Whether humans like it or not and whether we want to admit it or not, wars do end up with mostly the fittest (not just in terms of physical ability, but also intelligence, cunning, etc.) surviving.


Wars end up with those best at surviving surviving. The ones best at getting allies to protect them, the ones who keep their children alive even at the cost of thousands of others' lives, the ones who groom an ally to throw themselves on the grenade, the ones who climb the power ladder and then use that power to keep themselves safe from the conflict…

War is a terrible selection pressure, if you value the light and good in this world. (Probably) less bad than the ones genocidal dictators apply, given how indiscriminate (and therefore bad at selection) it is, but it's certainly not in the “good” category.
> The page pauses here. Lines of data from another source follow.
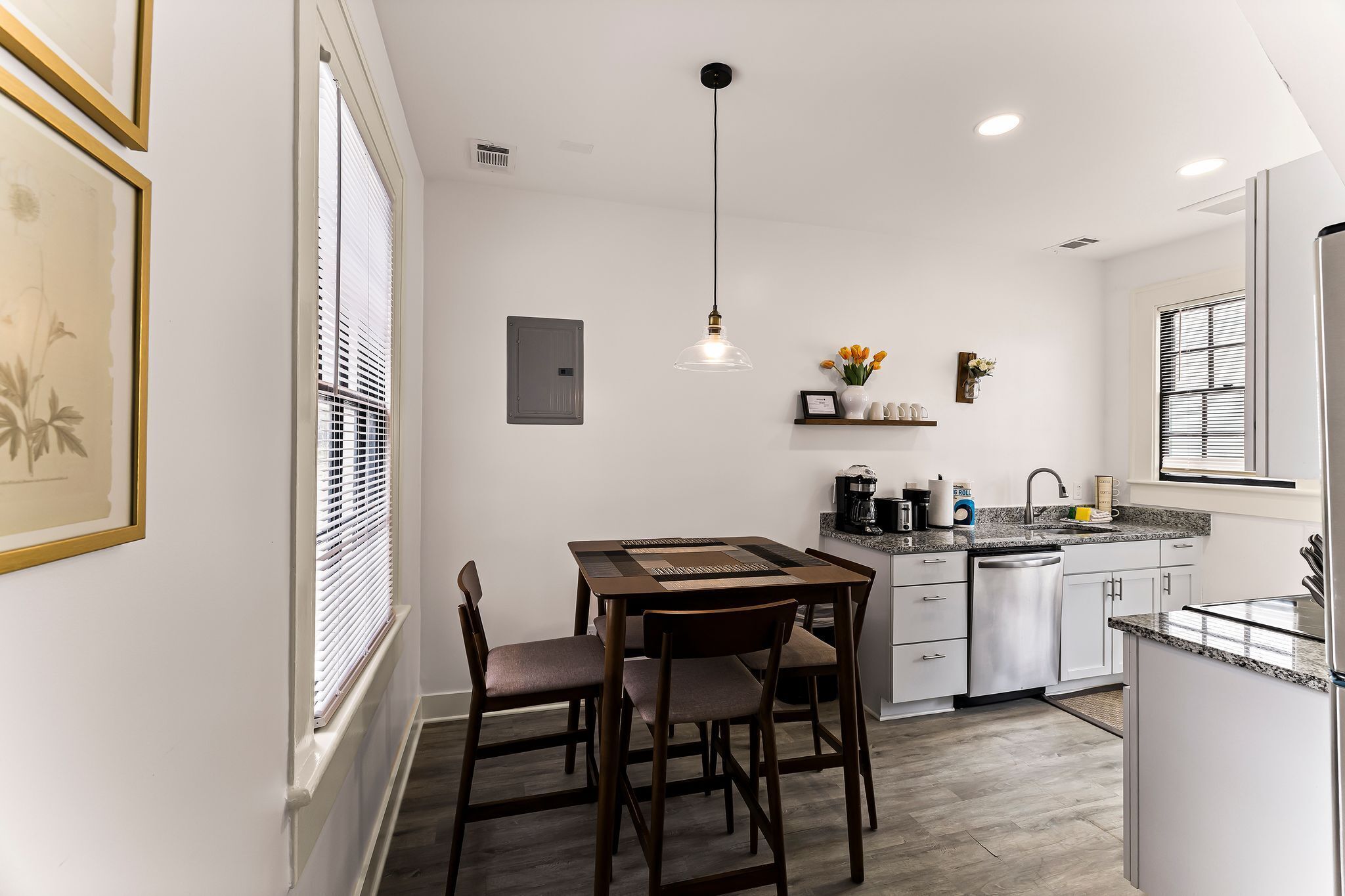 A modern kitchen with white cabinets, a dining table with chairs, a pendant light, and a window with blinds.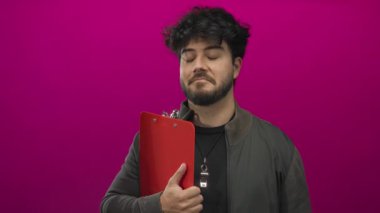 Sakallı genç İspanyol bir adam pembe arka planda pano tutuyor. Ceket ve ıslık çalıyor. Kararlı ve düşünceli görünüyor.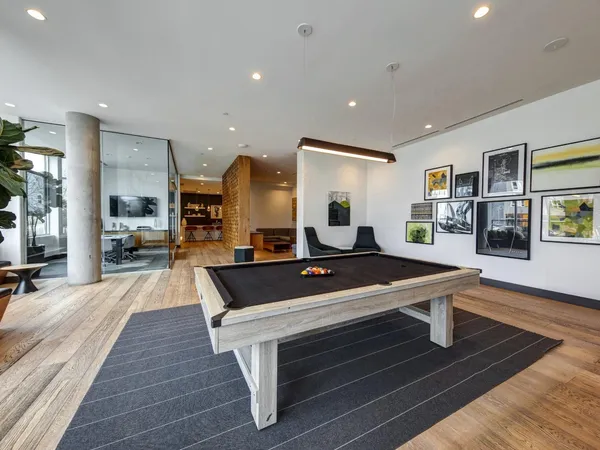 a living room with lots of furniture and a large window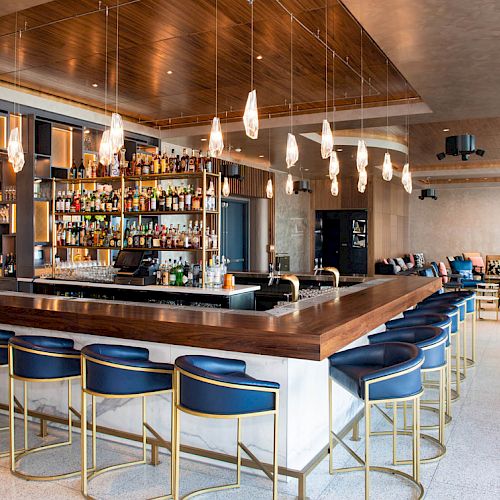 This image shows a modern bar with a wooden countertop, blue bar stools, and a display of various bottles behind the bar.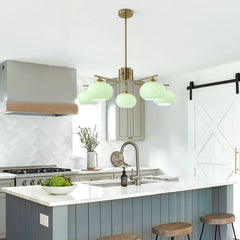 Modern kitchen with green pendant lights, white countertops, and wooden stools.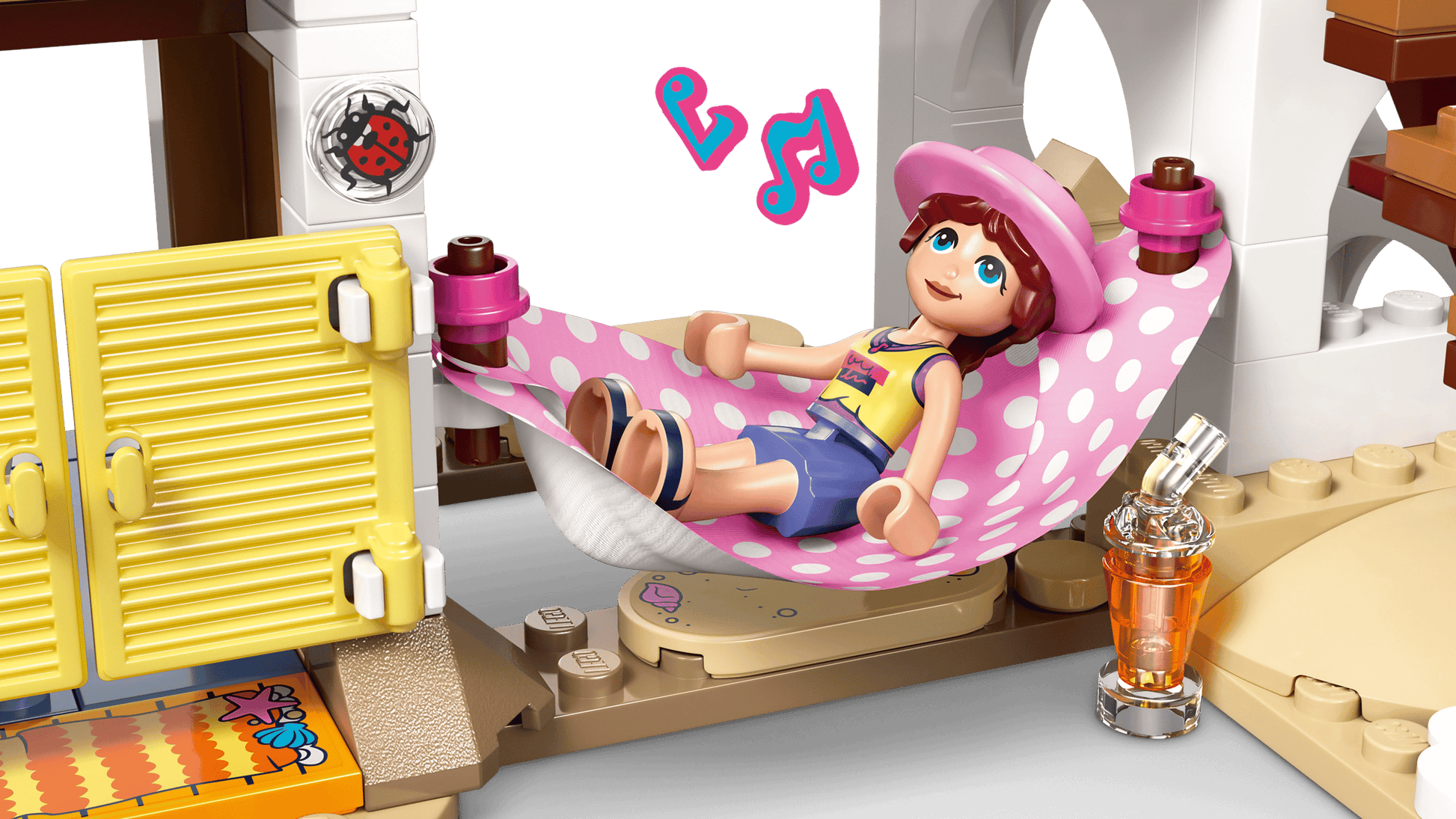 A LEGO® Friends Beach House with Seals by Legos - Toyhouse features figures relaxing on a pink polka-dot hammock with music notes, accessories, and seals—creating a cozy scene perfect for any playhouse set for kids.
> Wars end up with those best at surviving surviving. The ones best at getting allies to protect them, the ones who keep their children alive even at the cost of thousands of others' lives, the ones who groom an ally to throw themselves on the grenade, the ones who climb the power ladder and then use that power to keep themselves safe from the conflict…

Yes, natural selection at the civilization level. Those survivors will be the ones to write history and continue the species’ civilization.

Civilization gave rise to the warring forces and allowed them to come into power, and those forces in turn shape civilization.

> it’s certainly not in the “good” category.

Our sentiments don’t matter to the grand picture, which has been painted by thousands of wars and continues to be.

War is certainly not a natural calamity. It’s caused by millions of humans who willingly want it to happen, so maybe we “deserve” it, to be sentimental.


Next you'll be saying millions of humans want to be addicted to social media. I don't understand how you could even think this in the first place, let alone believe it to be true.


I mean you believe that human sentiments of “good” and “evil” matter much outside of human heads, or that the world would magically be a much better place if no wars ever happened.

(of course I predict you will cherry pick some wars to be perfectly justified)


You don't need a Great Stone Tablet to make things worth fighting for.


And what is “worth”?

You’re just replacing a stone tablet with one in your head.


Not neceassary it's overall positive. You usually kill best&brightest from oponent side first, so summing over average capability of human population wars can cause regressions.


> wars do end up with mostly the fittest (not just in terms of physical ability, but also intelligence, cunning, etc.) surviving.

1.) There is massive random factor.

2.) The fittest are often selected for unit that have large mortality. That was the case of SS in Germany - supposed to be the fittest selection. And as result going to hardest fights dying the most.

In Russia, it was year of birth that made difference. The guys who were 18 by the start of the war died almost all. You was better off if you was 17 or 22.

3.) The fact is, the fit male goes to combat and is more likely to die. The weaker one who wont be selected for that, survives.


War kills off the healthy, the young, the brave, the stress-resistant and so on. All of these are qualities that can make society better in a context of peace, but are a liability in the context of war from the perspective of the individual. The deformed, the less healthy and those adept at finding loopholes get to stay at home. A war on a massive scale thus has a negative effect on long term fitness.


Someone dying isn't natural selection: It is just death.

Sex education and free access to birth control, sterilization, and abortion lowers population without the trauma of war.